§ Assignment
Copy out all of the entries below without any change.
BEGIN Provided data
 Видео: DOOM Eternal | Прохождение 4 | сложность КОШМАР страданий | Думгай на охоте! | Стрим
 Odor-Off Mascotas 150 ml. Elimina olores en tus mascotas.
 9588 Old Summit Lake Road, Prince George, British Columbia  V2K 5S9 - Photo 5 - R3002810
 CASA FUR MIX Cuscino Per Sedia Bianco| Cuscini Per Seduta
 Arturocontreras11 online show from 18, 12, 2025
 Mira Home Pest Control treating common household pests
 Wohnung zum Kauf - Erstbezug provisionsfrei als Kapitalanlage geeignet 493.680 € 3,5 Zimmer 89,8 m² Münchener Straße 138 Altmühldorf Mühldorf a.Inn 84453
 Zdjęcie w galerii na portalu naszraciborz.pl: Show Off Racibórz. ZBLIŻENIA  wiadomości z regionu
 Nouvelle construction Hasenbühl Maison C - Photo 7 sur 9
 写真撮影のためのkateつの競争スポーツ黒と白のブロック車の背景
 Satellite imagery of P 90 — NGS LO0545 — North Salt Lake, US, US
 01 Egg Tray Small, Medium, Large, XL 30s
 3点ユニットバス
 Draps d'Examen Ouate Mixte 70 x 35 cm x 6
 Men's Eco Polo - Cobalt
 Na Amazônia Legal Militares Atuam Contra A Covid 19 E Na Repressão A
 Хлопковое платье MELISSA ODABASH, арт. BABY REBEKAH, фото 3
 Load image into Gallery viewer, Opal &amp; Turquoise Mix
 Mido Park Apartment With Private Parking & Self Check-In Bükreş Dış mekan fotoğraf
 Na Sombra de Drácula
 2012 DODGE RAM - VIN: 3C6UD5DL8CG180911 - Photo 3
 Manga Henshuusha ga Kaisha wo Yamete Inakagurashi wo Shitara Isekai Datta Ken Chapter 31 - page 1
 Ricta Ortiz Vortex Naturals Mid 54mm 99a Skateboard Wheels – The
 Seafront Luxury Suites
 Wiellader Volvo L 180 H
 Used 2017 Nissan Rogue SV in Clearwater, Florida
END Provided data
§ Written response
 Видео: DOOM Eternal | Прохождение 4 | сложность КОШМАР страданий | Думгай на охоте! | Стрим
 Odor-Off Mascotas 150 ml. Elimina olores en tus mascotas.
 9588 Old Summit Lake Road, Prince George, British Columbia  V2K 5S9 - Photo 5 - R3002810
 CASA FUR MIX Cuscino Per Sedia Bianco| Cuscini Per Seduta
 Arturocontreras11 online show from 18, 12, 2025
 Mira Home Pest Control treating common household pests
 Wohnung zum Kauf - Erstbezug provisionsfrei als Kapitalanlage geeignet 493.680 € 3,5 Zimmer 89,8 m² Münchener Straße 138 Altmühldorf Mühldorf a.Inn 84453
 Zdjęcie w galerii na portalu naszraciborz.pl: Show Off Racibórz. ZBLIŻENIA  wiadomości z regionu
 Nouvelle construction Hasenbühl Maison C - Photo 7 sur 9
 写真撮影のためのkateつの競争スポーツ黒と白のブロック車の背景
 Satellite imagery of P 90 — NGS LO0545 — North Salt Lake, US, US
 01 Egg Tray Small, Medium, Large, XL 30s
 3点ユニットバス
 Draps d'Examen Ouate Mixte 70 x 35 cm x 6
 Men's Eco Polo - Cobalt
 Na Amazônia Legal Militares Atuam Contra A Covid 19 E Na Repressão A
 Хлопковое платье MELISSA ODABASH, арт. BABY REBEKAH, фото 3
 Load image into Gallery viewer, Opal &amp; Turquoise Mix
 Mido Park Apartment With Private Parking & Self Check-In Bükreş Dış mekan fotoğraf
 Na Sombra de Drácula
 2012 DODGE RAM - VIN: 3C6UD5DL8CG180911 - Photo 3
 Manga Henshuusha ga Kaisha wo Yamete Inakagurashi wo Shitara Isekai Datta Ken Chapter 31 - page 1
 Ricta Ortiz Vortex Naturals Mid 54mm 99a Skateboard Wheels – The
 Seafront Luxury Suites
 Wiellader Volvo L 180 H
 Used 2017 Nissan Rogue SV in Clearwater, Florida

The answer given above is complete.